Technology Scan – Given that technology and IT services are evolving at exponential rates, companies would be well served to use this time to conduct a comprehensive scan of external technologies. While an ongoing external technology scanning mechanism should be put in place as well, companies might be well served by stepping back and evaluating their IT strategy in light of new external technology developments, such as: new ASPs, IT outsourcing providers, application management service providers or the ever-changing array of new and improved hardware and software platforms, and networking technologies or storage systems. The price/performance ratio within IT continues to follow Moore’s Law making periodic technology scans an imperative.

IT Strategic Plan – Homeostatic conditions provide an excellent opportunity to either develop or refresh an organization’s IT strategy. Until recently, the strategic use of IT was almost an oxymoron within the hospitality industry and so, one should not be overly surprised to learn how few companies have a documented IT strategic plan in place today. Even scarier is the number of hospitality companies that do not even have a strategic business plan, a desirable if not necessary precursor to an IT strategic plan. An IT strategic plan should be based on and in alignment with the strategic business initiatives of the company. Given the dynamic nature of IT, the IT strategic plan should be comprehensive yet flexible and capable of evolving with the needs of the enterprise. The IT strategic plan should both be based upon and include many of the components outlined above.

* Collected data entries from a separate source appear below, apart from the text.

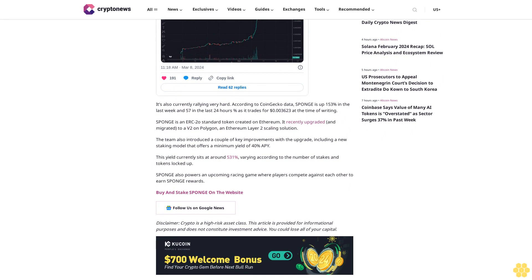Disclaimer: Crypto is a high-risk asset class. This article is provided for informational purposes and does not constitute investment advice. You could lose all of your capital.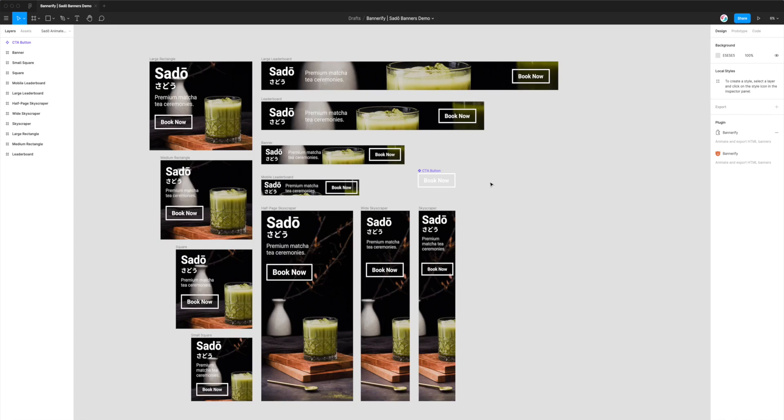Hi everyone, this is Adam from Figmatic and today I'm going to be showing you how to export animated HTML banners from Figma to Google Ads.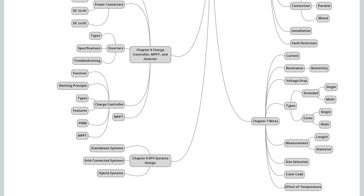Required wire size calculations. Chapter 8: Solar PV Systems Design — standalone SPV system, grid-connected SPV system, and hybrid SPV system.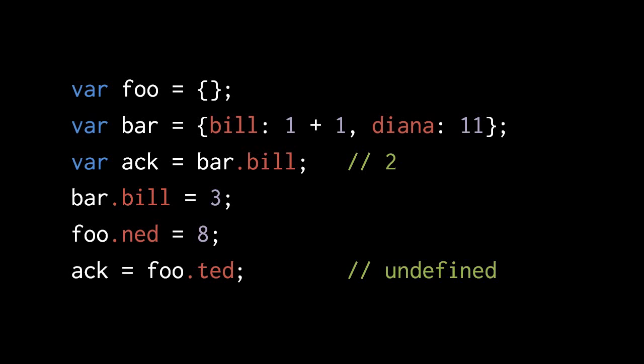Of course, you'll have to fall back on the square bracket notation when the property name is not a valid identifier, or when you want to specify the name with something other than a literal. You might want to get the name, say, from a variable or by calling a function, and in those cases, you'll have to use square brackets.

People and Process Initiatives – Notwithstanding the old adage maintains that IT is about people, process and technology, most organizations focus on the technology because, quite frankly, it’s both the most fun and the least complicated. However, the primary reason 90 percent of the IT projects that fail to deliver the anticipated results do so because the process and people issues were not adequately dealt with. While in some cases it may be too late, in many instances companies can go back and revisit the business process and people issues that had been ignored and harvest some very low hanging fruit by doing so. After all, some of the pain felt as a result of our mistakes can provide a good starting place for redressing people and process issues.

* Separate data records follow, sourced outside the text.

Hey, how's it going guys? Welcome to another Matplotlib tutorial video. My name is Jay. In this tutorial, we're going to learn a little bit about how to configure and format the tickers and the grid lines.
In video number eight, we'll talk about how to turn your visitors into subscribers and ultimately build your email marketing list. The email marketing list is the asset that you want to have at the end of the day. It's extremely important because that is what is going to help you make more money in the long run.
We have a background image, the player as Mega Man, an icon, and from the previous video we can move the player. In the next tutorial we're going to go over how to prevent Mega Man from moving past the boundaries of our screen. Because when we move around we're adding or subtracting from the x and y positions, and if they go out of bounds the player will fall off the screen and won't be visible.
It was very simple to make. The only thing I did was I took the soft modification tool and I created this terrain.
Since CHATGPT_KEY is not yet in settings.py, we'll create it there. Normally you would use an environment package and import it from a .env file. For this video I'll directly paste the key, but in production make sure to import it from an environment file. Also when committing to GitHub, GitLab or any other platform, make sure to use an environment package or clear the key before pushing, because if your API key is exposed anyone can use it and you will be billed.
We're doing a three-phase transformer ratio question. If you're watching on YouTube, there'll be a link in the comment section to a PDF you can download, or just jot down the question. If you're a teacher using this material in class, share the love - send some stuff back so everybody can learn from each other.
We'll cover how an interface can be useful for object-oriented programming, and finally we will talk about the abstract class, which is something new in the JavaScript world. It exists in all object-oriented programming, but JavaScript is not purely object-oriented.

Measurements and ROI – Somewhat related to the above, many IT solutions were implemented with little to no regard for how they would be measured or the returns they would generate. In many instances it is not too late to go back and design a set of performance measurements and, based on these and actual or estimated historical costs, derive ROI estimates for historical and contemplated future IT initiatives.

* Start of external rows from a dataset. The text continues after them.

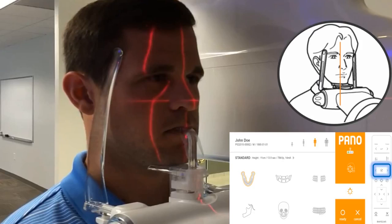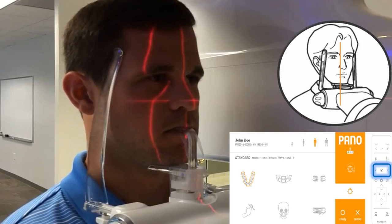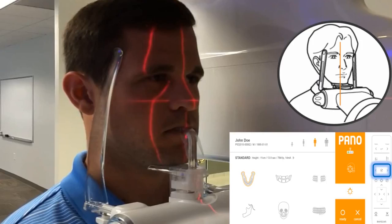Ask the patient to maintain a firm grip on the hand grips and to step forward slightly. This position puts them slightly off balance and hanging onto the support handle, forcing them to stretch their neck as far as possible, which decreases the spinal shadow on the anterior regions. Ask the patient to press their lips together and press their tongue against the roof of the mouth. Closing their eyes will help them remain still.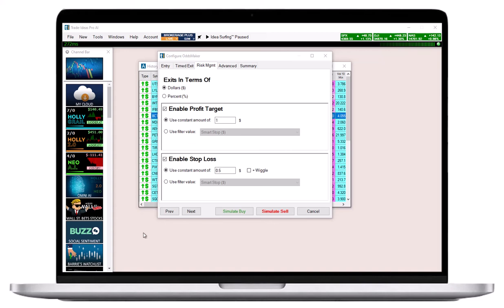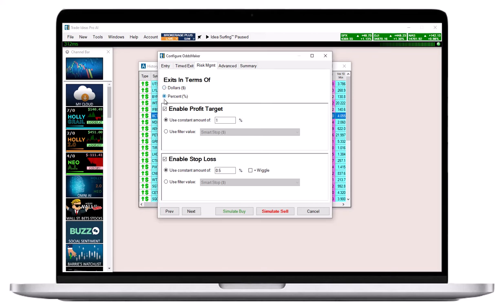The risk management tab enables you to define your exit parameters. You can choose to base a profit target per share and a stop loss per share on dollar amounts or on percentage values. Make sure to check one or the other before you specify the parameters in more detail below.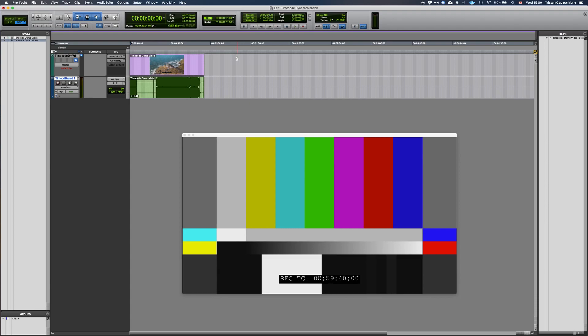We can also see some red text on our video track that says 23.976 FPS. When this text is red, it means that there is a discrepancy between the video file's frame rate and Pro Tools' frame rate. Let's take a look at Pro Tools synchronization features to address these problems.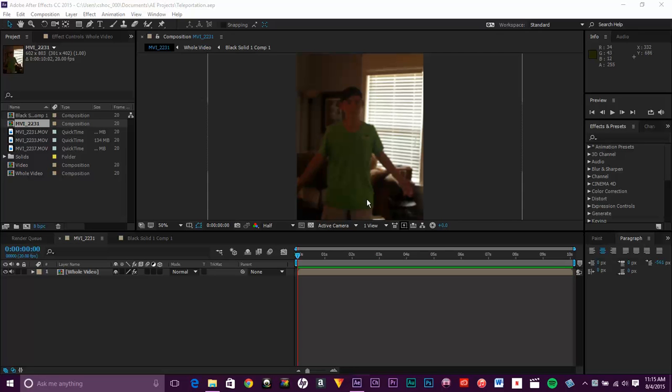Hey guys, Caleb Shockley, back again with another great After Effects tutorial. So today, I'm going to be going over how to get a realistic camera movement slash shake in After Effects on a still video.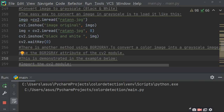First of all, I am loading the original image using cv2.imread('ratanyan.jpg') and then showing it with cv2.imshow('original image'). Then I read the same image again passing zero as the second argument: cv2.imread('ratanyan.jpg', 0), and show it as 'black and white'. It will convert the whole image into black and white.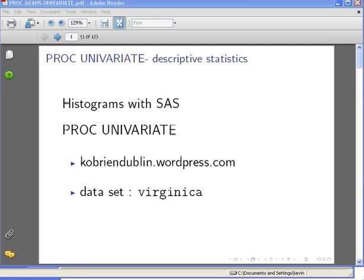In this presentation we're going to look at the PROC UNIVARIATE procedure and we're going to look at histograms in particular. What we're going to do is use PROC UNIVARIATE with the virginica dataset, which is available at my website kobryandublin.wordpress.com.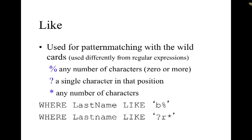So in using like we can have pattern matching and these are different than regular expressions. If you're familiar with regular expressions these have a little bit different meaning. The percent sign symbol means any number of characters zero or more, question mark is a single character, and then the asterisk is any number of characters.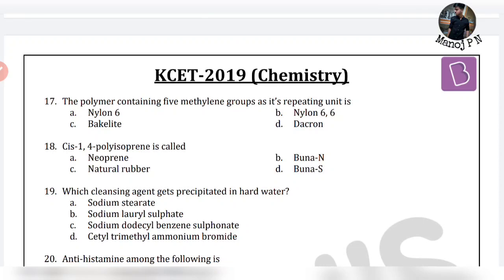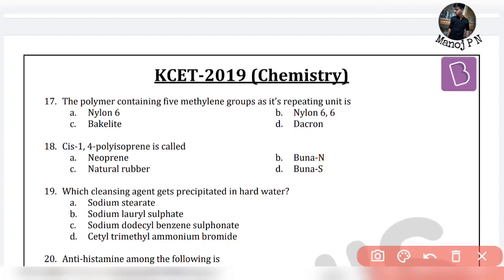Let's solve another question: the polymer containing five methyl bonds as its repeating unit. Please learn the structures of all polymers like Nylon 6,6 and Dacron. From the structure you will get to know that five methyl bonds — this answer is option B, because Nylon 6,6 has five methyl bonds.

In conclusion, there is no masking the fact that the last couple of years have been tough for the hospitality industry in general and the IT departments of these companies in particular. Given American’s bias for fast-paced action, these times have been trying for IT professionals. However, for every time there is a season and, at times, a forced period of regrouping and reflection – organizational homeostasis – may be just what the industry needs to prepare itself for the storm that may be brewing beyond the horizon.